Task: Nothing but the lines from the one containing "Red Radish Farming" to the end of the data should be returned, each exactly as written.

======== Data shown ========

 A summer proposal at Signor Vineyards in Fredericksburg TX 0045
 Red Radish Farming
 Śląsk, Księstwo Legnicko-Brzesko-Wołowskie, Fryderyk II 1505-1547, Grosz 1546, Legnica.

========

Exercise answer:
 Red Radish Farming
 Śląsk, Księstwo Legnicko-Brzesko-Wołowskie, Fryderyk II 1505-1547, Grosz 1546, Legnica.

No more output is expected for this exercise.